1999–2000 Moldovan Cup

Tournament details
- Country: Moldova

Final positions
- Champions: Constructorul
- Runners-up: Zimbru

= 1999–2000 Moldovan Cup =

The 1999–2000 Moldovan Cup was the ninth season of the Moldovan annual football cup competition. The competition ended with the final held on 24 May 2000.

==Round of 16==
The first legs were played on 20 October 1999. The second legs were played on 3 November 1999.

| Team 1 | Agg.Tooltip Aggregate score | Team 2 | 1st leg | 2nd leg |
|---|---|---|---|---|
| Constructorul | 10–1 | Intersport | 9–1 | 1–0 |
| Tiligul | 3–2 | Haiduc-Sporting | 1–2 | 2–0 |
| Energhetic | 2–7 | Olimpia | 0–2 | 2–5 |
| Agro | 1–1 (a) | Nistru-Unisport | 1–1 | 0–0 |
| Petrocub-Spicul | 1–6 | Zimbru | 1–2 | 0–4 |
| Moldova-Gaz | 11–2 | Chițcani | 7–1 | 4–1 |
| Unisport | 2–1 | Roma | 1–1 | 1–0 |
| Cimentul | 1–12 | Sheriff | 0–3 | 1–9 |

==Quarter-finals==
The first legs were played on 15 March 2000. The second legs were played on 5 April 2000.

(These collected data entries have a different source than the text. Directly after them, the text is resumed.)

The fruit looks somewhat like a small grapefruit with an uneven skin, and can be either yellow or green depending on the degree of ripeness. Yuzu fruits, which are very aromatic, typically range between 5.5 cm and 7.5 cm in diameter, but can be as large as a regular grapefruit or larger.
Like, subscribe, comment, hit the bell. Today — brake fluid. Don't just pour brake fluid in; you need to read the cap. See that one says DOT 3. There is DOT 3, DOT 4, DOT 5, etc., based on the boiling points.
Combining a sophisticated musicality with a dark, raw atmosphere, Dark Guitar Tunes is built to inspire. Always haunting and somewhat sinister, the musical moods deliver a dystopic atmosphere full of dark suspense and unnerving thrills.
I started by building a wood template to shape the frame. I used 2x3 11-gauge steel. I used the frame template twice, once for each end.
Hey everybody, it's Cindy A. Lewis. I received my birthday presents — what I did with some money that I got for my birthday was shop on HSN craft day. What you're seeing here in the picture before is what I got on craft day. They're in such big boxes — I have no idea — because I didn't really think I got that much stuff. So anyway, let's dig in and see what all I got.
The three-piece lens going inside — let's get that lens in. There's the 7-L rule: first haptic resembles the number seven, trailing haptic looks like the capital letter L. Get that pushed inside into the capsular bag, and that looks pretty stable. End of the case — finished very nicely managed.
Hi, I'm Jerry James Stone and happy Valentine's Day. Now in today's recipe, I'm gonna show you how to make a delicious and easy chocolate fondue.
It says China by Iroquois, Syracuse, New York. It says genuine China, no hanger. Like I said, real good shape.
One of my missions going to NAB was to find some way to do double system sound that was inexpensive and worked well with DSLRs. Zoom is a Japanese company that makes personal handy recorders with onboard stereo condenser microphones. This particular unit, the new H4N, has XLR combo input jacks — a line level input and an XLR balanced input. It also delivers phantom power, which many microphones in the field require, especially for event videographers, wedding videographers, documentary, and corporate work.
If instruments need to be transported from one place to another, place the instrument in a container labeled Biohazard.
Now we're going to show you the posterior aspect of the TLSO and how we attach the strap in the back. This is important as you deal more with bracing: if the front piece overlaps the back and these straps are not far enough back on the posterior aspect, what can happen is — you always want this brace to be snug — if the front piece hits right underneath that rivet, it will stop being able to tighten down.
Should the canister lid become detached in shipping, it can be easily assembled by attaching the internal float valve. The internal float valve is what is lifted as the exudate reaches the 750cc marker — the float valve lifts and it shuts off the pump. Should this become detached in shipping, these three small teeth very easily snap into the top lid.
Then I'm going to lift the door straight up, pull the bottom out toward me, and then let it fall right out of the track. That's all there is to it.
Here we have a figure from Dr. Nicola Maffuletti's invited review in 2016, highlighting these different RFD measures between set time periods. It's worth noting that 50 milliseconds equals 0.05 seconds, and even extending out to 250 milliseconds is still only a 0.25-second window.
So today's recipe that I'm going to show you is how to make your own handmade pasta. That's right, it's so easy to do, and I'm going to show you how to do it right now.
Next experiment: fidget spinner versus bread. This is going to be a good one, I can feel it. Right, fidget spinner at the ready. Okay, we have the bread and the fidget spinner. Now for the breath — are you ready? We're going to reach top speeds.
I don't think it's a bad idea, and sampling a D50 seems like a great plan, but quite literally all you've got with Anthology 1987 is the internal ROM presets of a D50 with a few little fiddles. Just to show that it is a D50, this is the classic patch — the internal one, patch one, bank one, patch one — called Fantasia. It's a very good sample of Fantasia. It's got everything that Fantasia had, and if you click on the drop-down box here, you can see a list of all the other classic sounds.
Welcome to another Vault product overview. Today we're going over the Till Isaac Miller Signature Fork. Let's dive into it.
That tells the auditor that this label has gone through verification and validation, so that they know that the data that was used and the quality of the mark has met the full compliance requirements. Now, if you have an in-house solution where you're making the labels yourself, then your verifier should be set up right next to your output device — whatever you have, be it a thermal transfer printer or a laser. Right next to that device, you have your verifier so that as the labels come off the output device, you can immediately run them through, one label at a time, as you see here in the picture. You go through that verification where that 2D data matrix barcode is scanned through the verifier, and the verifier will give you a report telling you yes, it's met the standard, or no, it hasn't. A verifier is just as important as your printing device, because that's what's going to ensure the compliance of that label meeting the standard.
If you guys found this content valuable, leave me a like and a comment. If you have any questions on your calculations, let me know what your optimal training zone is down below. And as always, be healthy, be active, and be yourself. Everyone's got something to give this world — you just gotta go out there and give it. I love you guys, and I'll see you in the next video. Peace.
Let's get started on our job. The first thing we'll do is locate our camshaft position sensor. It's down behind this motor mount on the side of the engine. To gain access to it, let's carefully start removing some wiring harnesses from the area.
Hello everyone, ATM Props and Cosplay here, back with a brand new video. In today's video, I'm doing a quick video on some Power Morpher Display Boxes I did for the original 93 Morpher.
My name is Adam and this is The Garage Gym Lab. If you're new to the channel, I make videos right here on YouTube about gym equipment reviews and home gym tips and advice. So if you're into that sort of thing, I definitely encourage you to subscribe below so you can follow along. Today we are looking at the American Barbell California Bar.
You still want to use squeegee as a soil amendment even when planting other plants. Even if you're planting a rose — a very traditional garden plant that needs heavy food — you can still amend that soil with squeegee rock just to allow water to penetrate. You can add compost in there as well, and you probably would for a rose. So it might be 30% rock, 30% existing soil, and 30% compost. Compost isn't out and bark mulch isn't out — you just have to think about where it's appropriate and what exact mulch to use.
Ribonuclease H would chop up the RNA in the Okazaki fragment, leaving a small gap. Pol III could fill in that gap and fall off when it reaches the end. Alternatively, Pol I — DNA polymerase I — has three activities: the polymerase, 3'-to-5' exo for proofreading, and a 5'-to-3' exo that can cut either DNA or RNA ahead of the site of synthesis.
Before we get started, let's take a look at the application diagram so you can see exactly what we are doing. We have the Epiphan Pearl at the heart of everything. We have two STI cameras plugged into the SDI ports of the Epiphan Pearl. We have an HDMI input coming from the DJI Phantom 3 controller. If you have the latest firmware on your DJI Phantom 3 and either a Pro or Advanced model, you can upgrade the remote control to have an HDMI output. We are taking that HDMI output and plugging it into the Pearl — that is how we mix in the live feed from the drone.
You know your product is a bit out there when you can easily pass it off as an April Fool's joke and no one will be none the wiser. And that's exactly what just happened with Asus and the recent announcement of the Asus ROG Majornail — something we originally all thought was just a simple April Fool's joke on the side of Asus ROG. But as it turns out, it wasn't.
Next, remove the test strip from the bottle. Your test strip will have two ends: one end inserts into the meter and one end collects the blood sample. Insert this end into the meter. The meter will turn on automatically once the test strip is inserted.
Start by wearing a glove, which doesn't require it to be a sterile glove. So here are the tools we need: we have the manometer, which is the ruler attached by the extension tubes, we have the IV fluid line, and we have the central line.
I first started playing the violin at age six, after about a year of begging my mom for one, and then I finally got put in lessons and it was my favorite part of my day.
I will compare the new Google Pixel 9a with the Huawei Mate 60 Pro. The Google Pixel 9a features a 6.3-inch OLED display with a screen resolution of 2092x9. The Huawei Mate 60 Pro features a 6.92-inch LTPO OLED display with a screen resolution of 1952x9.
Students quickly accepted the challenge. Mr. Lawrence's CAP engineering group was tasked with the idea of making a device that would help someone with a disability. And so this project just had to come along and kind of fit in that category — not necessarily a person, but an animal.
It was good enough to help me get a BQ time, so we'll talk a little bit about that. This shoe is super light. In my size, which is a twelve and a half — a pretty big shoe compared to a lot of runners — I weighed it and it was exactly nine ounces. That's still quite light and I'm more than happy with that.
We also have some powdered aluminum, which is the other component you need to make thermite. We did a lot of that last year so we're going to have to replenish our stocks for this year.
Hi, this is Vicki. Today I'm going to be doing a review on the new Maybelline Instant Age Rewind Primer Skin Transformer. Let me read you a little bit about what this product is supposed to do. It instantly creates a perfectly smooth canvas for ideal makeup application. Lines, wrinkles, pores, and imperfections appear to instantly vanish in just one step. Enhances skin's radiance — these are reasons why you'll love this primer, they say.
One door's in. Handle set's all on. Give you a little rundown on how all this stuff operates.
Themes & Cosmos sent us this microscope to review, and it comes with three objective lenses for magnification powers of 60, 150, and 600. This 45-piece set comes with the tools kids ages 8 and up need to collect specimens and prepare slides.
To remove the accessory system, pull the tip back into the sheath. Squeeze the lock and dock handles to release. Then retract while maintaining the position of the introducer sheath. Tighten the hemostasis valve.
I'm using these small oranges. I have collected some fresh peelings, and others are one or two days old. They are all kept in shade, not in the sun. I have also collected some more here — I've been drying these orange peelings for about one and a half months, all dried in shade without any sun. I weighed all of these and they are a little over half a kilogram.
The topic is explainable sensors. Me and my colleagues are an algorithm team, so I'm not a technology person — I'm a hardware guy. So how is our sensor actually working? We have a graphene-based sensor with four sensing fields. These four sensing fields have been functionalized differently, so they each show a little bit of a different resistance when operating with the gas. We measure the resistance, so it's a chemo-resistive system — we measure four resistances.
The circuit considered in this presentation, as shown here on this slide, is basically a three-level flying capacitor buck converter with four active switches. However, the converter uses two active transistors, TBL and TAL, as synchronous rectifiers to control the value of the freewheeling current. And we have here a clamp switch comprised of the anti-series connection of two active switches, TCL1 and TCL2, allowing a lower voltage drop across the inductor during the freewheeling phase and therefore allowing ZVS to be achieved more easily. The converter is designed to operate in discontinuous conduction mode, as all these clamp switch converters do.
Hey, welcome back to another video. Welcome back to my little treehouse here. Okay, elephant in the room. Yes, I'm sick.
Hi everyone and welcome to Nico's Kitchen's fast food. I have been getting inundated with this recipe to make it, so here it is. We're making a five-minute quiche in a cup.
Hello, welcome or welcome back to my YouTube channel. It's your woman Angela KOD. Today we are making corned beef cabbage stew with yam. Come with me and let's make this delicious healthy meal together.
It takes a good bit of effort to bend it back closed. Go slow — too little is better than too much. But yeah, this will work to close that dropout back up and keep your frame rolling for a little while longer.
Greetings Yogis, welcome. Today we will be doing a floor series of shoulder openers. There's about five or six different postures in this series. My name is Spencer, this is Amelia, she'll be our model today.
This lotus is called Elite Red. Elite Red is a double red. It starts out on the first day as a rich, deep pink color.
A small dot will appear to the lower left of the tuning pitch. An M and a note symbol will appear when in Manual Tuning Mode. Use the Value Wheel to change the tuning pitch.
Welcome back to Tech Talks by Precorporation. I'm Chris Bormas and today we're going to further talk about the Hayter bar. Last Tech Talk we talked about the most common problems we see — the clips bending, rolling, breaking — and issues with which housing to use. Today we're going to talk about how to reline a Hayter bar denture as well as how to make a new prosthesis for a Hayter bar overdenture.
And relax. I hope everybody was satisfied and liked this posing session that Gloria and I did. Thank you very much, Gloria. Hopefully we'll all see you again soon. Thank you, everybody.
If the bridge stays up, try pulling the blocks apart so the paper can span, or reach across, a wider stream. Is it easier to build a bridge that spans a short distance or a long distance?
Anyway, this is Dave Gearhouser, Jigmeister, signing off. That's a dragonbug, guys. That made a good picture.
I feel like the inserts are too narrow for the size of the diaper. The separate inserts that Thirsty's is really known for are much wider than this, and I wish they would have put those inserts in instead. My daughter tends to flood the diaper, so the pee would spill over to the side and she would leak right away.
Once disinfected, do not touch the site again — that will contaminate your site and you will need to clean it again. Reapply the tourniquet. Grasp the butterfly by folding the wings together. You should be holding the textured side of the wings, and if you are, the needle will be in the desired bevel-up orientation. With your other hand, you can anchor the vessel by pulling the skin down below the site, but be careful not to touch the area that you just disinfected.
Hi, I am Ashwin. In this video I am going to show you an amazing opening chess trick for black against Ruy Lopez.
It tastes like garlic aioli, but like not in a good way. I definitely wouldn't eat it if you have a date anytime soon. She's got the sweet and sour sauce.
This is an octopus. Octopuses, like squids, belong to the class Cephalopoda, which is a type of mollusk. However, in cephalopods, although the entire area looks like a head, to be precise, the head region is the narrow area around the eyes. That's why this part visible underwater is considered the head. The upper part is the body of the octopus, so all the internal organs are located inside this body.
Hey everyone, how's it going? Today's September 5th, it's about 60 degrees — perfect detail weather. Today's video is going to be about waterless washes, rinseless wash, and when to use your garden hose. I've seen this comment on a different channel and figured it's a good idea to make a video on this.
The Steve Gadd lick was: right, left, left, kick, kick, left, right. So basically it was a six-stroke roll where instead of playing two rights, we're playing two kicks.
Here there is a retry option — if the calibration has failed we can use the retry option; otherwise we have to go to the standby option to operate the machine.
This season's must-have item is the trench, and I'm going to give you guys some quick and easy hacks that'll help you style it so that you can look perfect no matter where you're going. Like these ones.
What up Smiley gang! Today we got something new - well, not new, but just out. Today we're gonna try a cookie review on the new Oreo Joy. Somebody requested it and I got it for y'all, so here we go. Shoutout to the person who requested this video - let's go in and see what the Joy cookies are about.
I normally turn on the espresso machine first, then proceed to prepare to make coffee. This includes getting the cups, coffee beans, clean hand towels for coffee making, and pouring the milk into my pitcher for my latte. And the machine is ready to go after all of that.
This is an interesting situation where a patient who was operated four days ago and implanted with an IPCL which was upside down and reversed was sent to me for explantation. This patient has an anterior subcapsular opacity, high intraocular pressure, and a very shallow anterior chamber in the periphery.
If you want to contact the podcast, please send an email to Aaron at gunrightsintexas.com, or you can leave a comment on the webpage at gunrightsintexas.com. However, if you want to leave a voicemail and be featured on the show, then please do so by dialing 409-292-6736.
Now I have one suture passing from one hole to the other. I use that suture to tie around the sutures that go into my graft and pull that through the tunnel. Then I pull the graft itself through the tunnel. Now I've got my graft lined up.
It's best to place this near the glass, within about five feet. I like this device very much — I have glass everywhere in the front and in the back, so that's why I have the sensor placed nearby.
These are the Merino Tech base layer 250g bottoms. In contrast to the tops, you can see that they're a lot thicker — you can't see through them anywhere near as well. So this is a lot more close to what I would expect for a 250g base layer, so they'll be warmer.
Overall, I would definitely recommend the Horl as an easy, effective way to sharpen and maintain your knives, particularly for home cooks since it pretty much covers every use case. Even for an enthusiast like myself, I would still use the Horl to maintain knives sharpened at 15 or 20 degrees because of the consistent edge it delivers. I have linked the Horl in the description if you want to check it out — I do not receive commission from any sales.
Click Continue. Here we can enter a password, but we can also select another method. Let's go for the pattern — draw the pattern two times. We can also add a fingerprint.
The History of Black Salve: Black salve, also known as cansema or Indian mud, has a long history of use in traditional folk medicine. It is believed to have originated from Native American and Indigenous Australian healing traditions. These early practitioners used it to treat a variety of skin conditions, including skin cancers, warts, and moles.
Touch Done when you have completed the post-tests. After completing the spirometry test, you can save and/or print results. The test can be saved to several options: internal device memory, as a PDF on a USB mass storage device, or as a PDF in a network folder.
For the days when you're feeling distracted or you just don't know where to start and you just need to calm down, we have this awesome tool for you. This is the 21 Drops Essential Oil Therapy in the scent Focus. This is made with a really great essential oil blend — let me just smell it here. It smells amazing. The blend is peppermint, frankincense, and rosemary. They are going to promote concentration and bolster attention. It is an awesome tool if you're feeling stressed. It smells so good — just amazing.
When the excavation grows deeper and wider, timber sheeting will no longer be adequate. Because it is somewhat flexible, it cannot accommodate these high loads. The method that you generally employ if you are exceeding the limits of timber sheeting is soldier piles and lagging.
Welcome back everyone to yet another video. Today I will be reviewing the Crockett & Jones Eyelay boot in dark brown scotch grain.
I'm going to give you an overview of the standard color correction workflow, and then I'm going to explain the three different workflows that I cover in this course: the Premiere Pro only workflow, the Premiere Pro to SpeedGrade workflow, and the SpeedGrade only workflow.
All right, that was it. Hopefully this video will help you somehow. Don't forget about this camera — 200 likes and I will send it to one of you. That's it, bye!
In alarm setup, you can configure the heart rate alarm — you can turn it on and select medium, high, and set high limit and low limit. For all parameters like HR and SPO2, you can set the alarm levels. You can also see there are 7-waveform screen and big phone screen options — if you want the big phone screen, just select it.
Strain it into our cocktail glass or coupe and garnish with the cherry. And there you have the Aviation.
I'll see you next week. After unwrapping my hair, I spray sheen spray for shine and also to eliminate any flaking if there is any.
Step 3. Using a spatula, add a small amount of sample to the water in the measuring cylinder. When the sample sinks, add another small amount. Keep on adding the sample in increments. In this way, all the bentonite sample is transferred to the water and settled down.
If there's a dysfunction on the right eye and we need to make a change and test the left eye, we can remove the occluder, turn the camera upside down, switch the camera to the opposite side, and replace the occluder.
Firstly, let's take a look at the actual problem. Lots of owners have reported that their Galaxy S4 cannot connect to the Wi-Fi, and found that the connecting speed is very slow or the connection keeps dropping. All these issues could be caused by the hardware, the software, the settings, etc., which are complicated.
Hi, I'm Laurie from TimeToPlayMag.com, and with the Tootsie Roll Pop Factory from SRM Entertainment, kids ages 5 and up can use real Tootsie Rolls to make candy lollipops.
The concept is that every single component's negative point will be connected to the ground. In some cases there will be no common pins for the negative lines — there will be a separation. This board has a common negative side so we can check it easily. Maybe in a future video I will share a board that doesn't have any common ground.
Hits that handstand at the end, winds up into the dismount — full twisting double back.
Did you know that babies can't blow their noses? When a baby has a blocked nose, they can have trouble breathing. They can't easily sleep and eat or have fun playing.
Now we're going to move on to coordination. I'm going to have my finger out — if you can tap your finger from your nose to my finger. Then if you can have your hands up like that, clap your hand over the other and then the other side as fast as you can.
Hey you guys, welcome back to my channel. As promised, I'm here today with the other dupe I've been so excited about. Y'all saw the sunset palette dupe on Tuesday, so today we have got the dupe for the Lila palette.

| Team 1 | Agg.Tooltip Aggregate score | Team 2 | 1st leg | 2nd leg |
|---|---|---|---|---|
| Constructorul | 3–2 | Olimpia | 3–0 | 0–2 |
| Moldova-Gaz | 1–1 (a) | Sheriff | 0–0 | 1–1 |
| Zimbru | 10–0 | Unisport | 10–0 | w/o |
| Nistru-Unisport | 3–1 | Tiligul | 1–0 | 2–1 |

==Semi-finals==
The first legs were played on 19 April 2000. The second legs were played on 3 May 2000.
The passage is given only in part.